[Records contained in a dataset]
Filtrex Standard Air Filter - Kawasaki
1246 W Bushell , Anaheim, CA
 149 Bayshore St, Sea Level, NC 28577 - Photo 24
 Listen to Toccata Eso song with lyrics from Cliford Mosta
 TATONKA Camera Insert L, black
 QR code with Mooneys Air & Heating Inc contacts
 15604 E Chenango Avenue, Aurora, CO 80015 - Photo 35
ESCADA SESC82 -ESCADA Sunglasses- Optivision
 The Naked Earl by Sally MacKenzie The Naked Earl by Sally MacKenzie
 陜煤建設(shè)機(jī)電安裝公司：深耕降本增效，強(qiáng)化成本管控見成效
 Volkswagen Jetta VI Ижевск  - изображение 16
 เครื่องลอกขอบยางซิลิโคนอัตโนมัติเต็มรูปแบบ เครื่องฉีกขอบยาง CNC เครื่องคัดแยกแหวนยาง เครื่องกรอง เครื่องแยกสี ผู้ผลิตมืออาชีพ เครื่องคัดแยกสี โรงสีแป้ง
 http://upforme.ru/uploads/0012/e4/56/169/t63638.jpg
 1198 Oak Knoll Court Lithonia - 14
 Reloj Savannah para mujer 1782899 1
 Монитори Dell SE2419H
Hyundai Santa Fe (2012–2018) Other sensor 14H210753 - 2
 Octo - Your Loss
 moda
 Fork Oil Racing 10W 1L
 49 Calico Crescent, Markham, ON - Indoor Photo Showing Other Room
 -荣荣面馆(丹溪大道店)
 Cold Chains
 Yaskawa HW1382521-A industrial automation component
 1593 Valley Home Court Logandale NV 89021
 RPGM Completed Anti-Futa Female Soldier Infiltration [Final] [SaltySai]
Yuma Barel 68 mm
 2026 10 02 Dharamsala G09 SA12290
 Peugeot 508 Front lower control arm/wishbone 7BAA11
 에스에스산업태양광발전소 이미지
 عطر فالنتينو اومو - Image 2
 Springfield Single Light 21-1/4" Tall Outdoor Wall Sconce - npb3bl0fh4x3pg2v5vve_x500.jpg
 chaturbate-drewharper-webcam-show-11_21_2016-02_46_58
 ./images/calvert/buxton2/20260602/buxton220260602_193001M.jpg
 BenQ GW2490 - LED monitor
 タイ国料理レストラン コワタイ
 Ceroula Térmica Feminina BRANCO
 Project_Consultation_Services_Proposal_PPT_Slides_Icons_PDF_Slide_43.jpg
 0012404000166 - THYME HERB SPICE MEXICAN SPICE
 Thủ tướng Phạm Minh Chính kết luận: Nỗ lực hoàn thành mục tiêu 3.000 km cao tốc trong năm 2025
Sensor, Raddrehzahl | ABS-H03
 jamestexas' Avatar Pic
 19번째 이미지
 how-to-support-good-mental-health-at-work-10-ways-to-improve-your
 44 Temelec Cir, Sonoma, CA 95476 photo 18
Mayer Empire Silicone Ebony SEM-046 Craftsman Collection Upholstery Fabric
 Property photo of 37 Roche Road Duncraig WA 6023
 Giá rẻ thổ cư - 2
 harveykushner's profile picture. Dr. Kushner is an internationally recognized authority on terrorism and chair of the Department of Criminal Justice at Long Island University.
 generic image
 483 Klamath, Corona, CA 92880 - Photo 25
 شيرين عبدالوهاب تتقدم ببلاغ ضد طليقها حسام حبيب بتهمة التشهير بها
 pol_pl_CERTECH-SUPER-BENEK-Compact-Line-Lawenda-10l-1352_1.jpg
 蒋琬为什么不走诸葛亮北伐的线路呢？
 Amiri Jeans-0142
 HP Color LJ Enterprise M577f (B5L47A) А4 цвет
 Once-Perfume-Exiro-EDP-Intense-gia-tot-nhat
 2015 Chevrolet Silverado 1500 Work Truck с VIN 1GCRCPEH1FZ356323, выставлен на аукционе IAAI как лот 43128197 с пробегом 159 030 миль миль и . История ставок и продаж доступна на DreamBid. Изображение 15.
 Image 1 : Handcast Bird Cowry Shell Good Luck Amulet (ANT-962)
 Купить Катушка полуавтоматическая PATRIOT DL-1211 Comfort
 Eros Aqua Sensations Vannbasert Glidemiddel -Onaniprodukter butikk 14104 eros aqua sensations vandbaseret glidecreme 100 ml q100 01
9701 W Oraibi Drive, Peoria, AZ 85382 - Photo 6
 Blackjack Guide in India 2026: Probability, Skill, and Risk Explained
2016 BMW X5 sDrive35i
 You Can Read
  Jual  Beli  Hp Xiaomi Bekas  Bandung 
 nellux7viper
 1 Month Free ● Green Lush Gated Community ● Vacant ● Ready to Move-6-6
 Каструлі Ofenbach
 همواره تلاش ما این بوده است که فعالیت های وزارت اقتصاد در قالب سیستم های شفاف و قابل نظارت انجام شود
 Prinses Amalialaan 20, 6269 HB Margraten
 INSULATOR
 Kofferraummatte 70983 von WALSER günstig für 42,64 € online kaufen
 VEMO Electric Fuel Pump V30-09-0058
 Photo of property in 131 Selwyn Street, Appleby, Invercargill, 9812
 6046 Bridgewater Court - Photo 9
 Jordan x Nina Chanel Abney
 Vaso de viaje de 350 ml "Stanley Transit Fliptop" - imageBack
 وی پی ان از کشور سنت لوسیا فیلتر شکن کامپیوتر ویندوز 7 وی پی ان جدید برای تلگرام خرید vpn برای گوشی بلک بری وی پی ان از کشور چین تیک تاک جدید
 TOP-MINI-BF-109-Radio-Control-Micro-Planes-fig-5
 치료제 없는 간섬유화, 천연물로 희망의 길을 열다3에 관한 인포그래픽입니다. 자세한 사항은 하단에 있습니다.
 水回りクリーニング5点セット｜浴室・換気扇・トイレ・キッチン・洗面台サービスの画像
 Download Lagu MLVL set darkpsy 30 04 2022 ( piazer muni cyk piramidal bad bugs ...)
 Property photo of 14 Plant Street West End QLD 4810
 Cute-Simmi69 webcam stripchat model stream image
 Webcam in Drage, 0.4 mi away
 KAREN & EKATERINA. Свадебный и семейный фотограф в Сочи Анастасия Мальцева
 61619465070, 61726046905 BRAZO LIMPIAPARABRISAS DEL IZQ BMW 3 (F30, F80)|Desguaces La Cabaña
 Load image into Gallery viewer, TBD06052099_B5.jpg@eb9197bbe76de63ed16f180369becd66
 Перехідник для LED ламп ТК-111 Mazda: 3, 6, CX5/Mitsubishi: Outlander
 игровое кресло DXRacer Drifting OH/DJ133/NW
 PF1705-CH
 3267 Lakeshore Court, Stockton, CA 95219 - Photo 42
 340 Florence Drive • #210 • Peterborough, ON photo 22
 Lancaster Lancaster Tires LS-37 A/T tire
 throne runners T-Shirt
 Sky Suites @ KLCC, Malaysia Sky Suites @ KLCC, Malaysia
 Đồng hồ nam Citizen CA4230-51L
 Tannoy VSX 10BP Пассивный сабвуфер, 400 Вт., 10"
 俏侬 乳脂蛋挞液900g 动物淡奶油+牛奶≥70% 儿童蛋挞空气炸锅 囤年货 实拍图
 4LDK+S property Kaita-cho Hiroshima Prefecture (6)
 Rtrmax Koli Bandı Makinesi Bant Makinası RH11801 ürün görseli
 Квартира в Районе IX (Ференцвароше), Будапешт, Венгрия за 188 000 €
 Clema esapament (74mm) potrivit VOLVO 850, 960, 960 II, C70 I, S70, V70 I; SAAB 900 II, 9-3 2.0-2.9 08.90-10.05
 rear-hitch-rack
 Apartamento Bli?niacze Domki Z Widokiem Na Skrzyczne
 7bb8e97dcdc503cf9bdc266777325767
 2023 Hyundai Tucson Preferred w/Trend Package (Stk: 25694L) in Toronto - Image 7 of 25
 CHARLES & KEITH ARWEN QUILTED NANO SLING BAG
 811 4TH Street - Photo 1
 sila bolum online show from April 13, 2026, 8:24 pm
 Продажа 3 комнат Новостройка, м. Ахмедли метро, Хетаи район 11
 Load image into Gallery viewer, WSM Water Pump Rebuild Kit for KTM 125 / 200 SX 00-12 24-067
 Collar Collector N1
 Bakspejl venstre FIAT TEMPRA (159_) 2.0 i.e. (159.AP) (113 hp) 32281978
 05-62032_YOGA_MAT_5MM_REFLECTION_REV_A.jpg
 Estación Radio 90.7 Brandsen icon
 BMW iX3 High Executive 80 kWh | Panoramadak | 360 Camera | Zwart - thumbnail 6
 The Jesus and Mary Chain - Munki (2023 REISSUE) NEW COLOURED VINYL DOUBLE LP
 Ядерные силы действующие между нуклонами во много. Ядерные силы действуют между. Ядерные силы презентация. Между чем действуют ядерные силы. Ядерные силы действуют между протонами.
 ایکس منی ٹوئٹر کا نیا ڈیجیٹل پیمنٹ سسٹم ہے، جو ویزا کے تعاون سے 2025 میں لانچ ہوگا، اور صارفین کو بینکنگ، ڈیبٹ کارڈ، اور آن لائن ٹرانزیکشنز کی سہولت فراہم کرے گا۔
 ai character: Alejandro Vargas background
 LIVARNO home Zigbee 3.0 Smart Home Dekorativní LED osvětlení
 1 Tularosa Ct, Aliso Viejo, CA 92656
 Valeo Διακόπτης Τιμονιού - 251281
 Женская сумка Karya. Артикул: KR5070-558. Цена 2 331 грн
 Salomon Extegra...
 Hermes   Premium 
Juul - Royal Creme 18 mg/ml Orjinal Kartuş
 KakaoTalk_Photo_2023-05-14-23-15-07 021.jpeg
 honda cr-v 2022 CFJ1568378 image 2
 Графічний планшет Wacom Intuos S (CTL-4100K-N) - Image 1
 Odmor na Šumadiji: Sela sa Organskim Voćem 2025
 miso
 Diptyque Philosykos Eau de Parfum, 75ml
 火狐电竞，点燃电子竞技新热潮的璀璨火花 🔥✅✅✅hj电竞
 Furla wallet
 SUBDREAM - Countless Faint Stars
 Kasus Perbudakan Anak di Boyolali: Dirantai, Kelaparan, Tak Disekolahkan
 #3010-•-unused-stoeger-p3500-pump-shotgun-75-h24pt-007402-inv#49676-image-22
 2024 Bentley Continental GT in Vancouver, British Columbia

> [What you should do]:
Output all lines from the beginning of the data up to the line holding "عطر فالنتينو اومو - Image 2", that line included, exactly as written.

> [The completed task]:
Filtrex Standard Air Filter - Kawasaki
1246 W Bushell , Anaheim, CA
 149 Bayshore St, Sea Level, NC 28577 - Photo 24
 Listen to Toccata Eso song with lyrics from Cliford Mosta
 TATONKA Camera Insert L, black
 QR code with Mooneys Air & Heating Inc contacts
 15604 E Chenango Avenue, Aurora, CO 80015 - Photo 35
ESCADA SESC82 -ESCADA Sunglasses- Optivision
 The Naked Earl by Sally MacKenzie The Naked Earl by Sally MacKenzie
 陜煤建設(shè)機(jī)電安裝公司：深耕降本增效，強(qiáng)化成本管控見成效
 Volkswagen Jetta VI Ижевск  - изображение 16
 เครื่องลอกขอบยางซิลิโคนอัตโนมัติเต็มรูปแบบ เครื่องฉีกขอบยาง CNC เครื่องคัดแยกแหวนยาง เครื่องกรอง เครื่องแยกสี ผู้ผลิตมืออาชีพ เครื่องคัดแยกสี โรงสีแป้ง
 http://upforme.ru/uploads/0012/e4/56/169/t63638.jpg
 1198 Oak Knoll Court Lithonia - 14
 Reloj Savannah para mujer 1782899 1
 Монитори Dell SE2419H
Hyundai Santa Fe (2012–2018) Other sensor 14H210753 - 2
 Octo - Your Loss
 moda
 Fork Oil Racing 10W 1L
 49 Calico Crescent, Markham, ON - Indoor Photo Showing Other Room
 -荣荣面馆(丹溪大道店)
 Cold Chains
 Yaskawa HW1382521-A industrial automation component
 1593 Valley Home Court Logandale NV 89021
 RPGM Completed Anti-Futa Female Soldier Infiltration [Final] [SaltySai]
Yuma Barel 68 mm
 2026 10 02 Dharamsala G09 SA12290
 Peugeot 508 Front lower control arm/wishbone 7BAA11
 에스에스산업태양광발전소 이미지
 عطر فالنتينو اومو - Image 2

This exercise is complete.